Some issues here with docs:

func.sgml:28465: parser error : Opening and ending tag mismatch: sect1
line 26479 and sect2
   </sect2>
           ^

Apologies, will fix.
 

Also, as I remember, we already had some attempts to invent dump/restore
statistics [1,2]. They were stopped with the problem of type
verification. What if the definition of the type has changed between the
dump and restore? As I see in the code, Importing statistics you just
check the column name and don't see into the type.

We look up the imported statistics via column name, that is correct.

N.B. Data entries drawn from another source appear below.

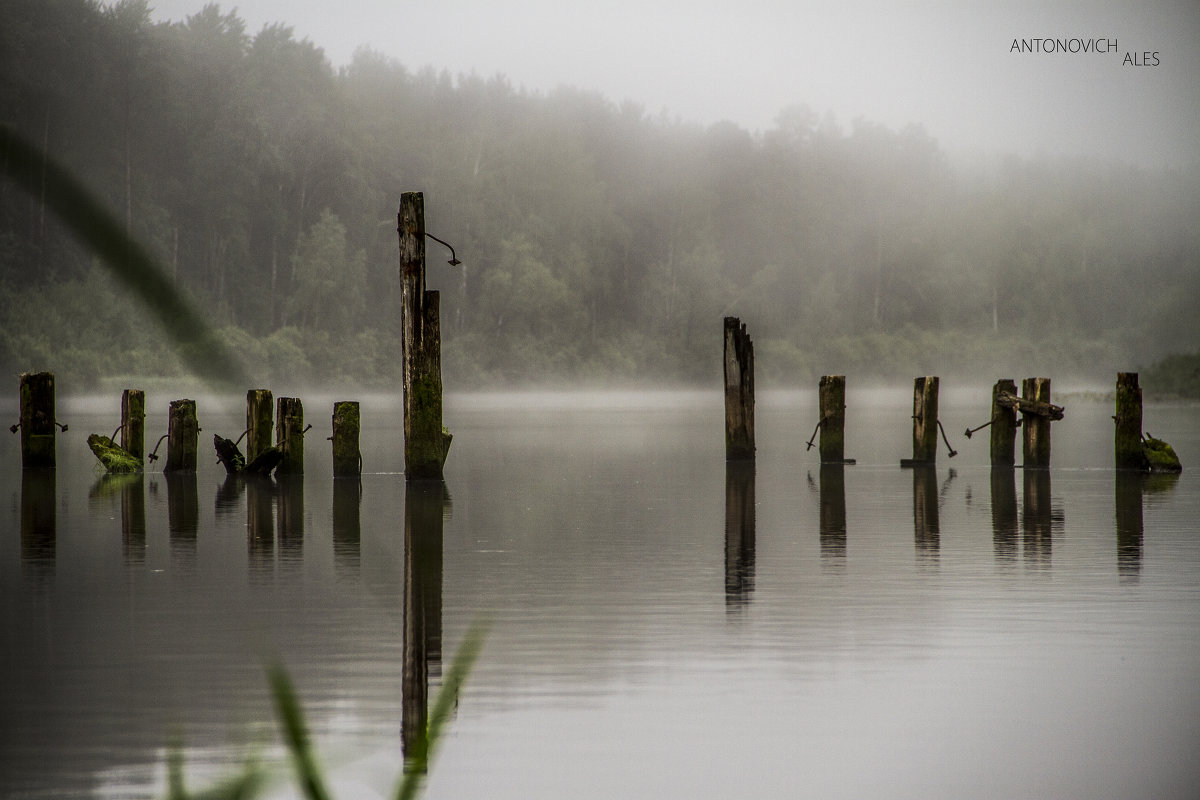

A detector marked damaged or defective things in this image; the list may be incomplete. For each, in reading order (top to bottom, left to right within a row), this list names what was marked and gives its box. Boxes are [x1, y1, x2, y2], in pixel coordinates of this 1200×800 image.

broken wooden post [405, 191, 456, 482]
broken wooden post [18, 374, 56, 472]
broken wooden post [121, 388, 145, 465]
broken wooden post [163, 398, 198, 472]
broken wooden post [248, 388, 276, 462]
broken wooden post [276, 395, 304, 474]
broken wooden post [333, 400, 360, 474]
broken wooden post [720, 316, 748, 460]
broken wooden post [816, 376, 844, 465]
broken wooden post [902, 376, 940, 465]
broken wooden post [988, 379, 1017, 465]
broken wooden post [1022, 376, 1051, 465]
broken wooden post [1113, 374, 1142, 470] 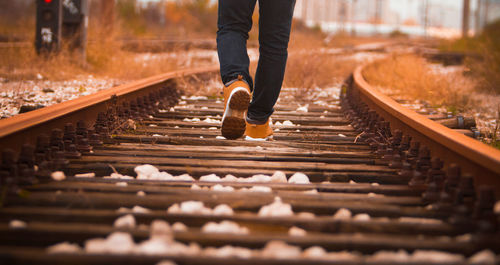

However, the values in stavalues and mcv and such are stored purely as text, so they must be casted using the input functions for that particular datatype. If that column definition changed, or the underlying input function changed, the stats import of that particular table would fail. It should be noted, however, that those same input functions were used to bring the data into the table via restore, so it would have already failed on that step. Either way, the structure of the table has effectively changed, so failure to import those statistics would be a good thing.
 

[1] Backup and recovery of pg_statistic
https://www.postgresql.org/message-id/flat/724322880.K8vzik8zPz%40abook

That proposal sought to serialize enough information on the old server such that rows could be directly inserted into pg_statistic on the new server. As was pointed out at the time, version N of a server cannot know what the format of pg_statistic will be in version N+1. 

This patch avoids that problem by inspecting the structure of the object to be faux-analyzed, and using that to determine what parts of the JSON to fetch, and what datatype to cast values to in cases like mcv and stavaluesN. The exported JSON has no oids in it whatseover, all elements subject to casting on import have already been cast to text, and the record returned has the server version number of the producing system, and the import function can use that to determine how it interprets the data it finds.
 

[2] Re: Ideas about a better API for postgres_fdw remote estimates
https://www.postgresql.org/message-id/7a40707d-1758-85a2-7bb1-6e5775518e64%40postgrespro.ru


This one seems to be pulling oids from the remote server, and we can't guarantee their stability across systems, especially for objects and operators from extensions. I tried to go the route of extracting the full text name of an operator, but discovered that the qualified names, in addition to being unsightly, were irrelevant because we can't insert stats that disagree about type with the attribute/expression. So it didn't matter what type the remote system thought it had, the local system was going to coerce it into the expected data type or ereport() trying.

I think there is hope for having do_analyze() run a remote query fetching the remote table's exported stats and then storing them locally, possibly after some modification, and that would save us from having to sample a remote table.